BRIEF
Leaving the pictures aside, transcribe the data below exactly.

Records from a dataset
######
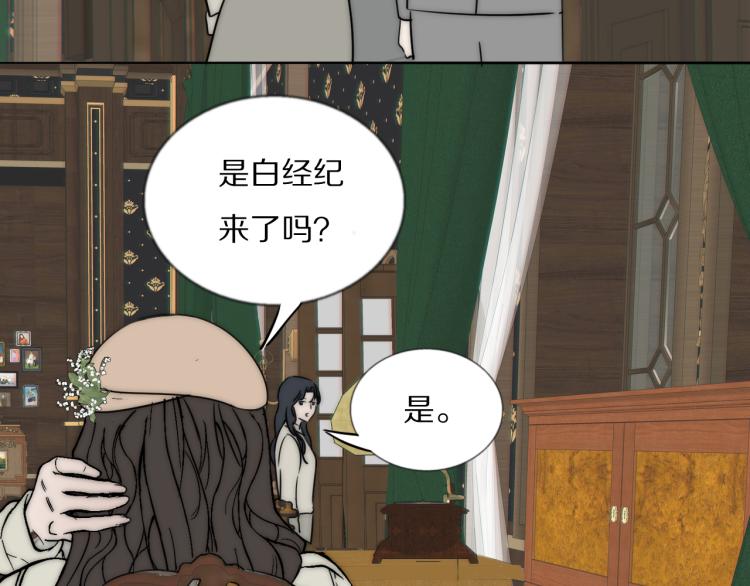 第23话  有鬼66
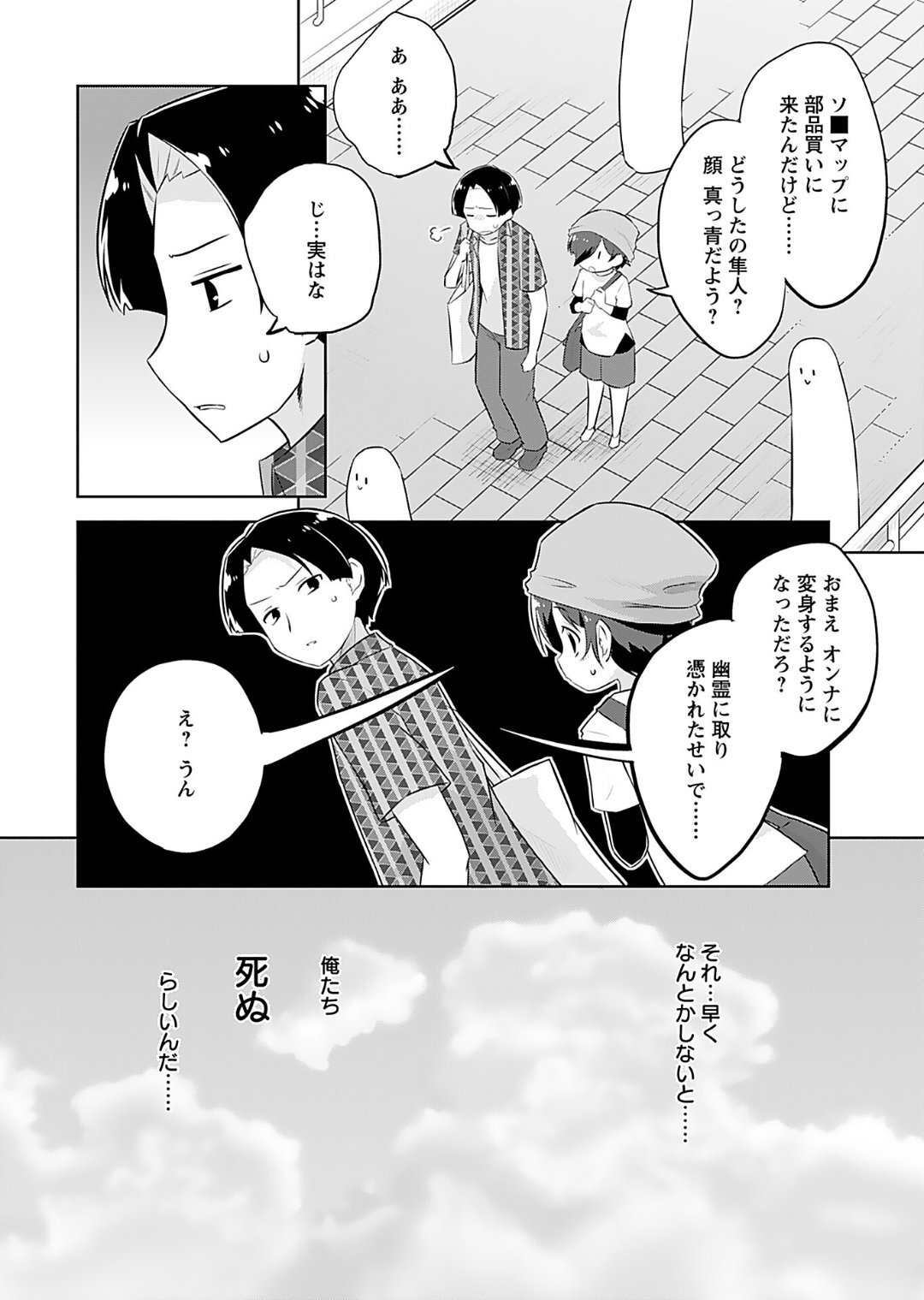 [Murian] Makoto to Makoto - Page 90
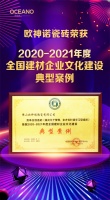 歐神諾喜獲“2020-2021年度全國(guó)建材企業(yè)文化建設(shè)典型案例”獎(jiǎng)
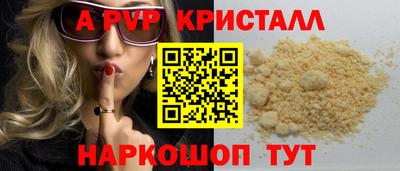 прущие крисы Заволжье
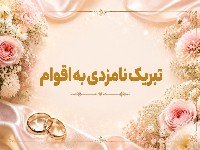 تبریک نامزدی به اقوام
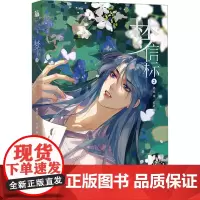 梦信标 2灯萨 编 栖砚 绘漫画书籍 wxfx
######
RESULT FOR THIS EXERCISE
 第23话  有鬼66
 [Murian] Makoto to Makoto - Page 90
 歐神諾喜獲“2020-2021年度全國(guó)建材企業(yè)文化建設(shè)典型案例”獎(jiǎng)
 прущие крисы Заволжье
 تبریک نامزدی به اقوام
 梦信标 2灯萨 编 栖砚 绘漫画书籍 wxfx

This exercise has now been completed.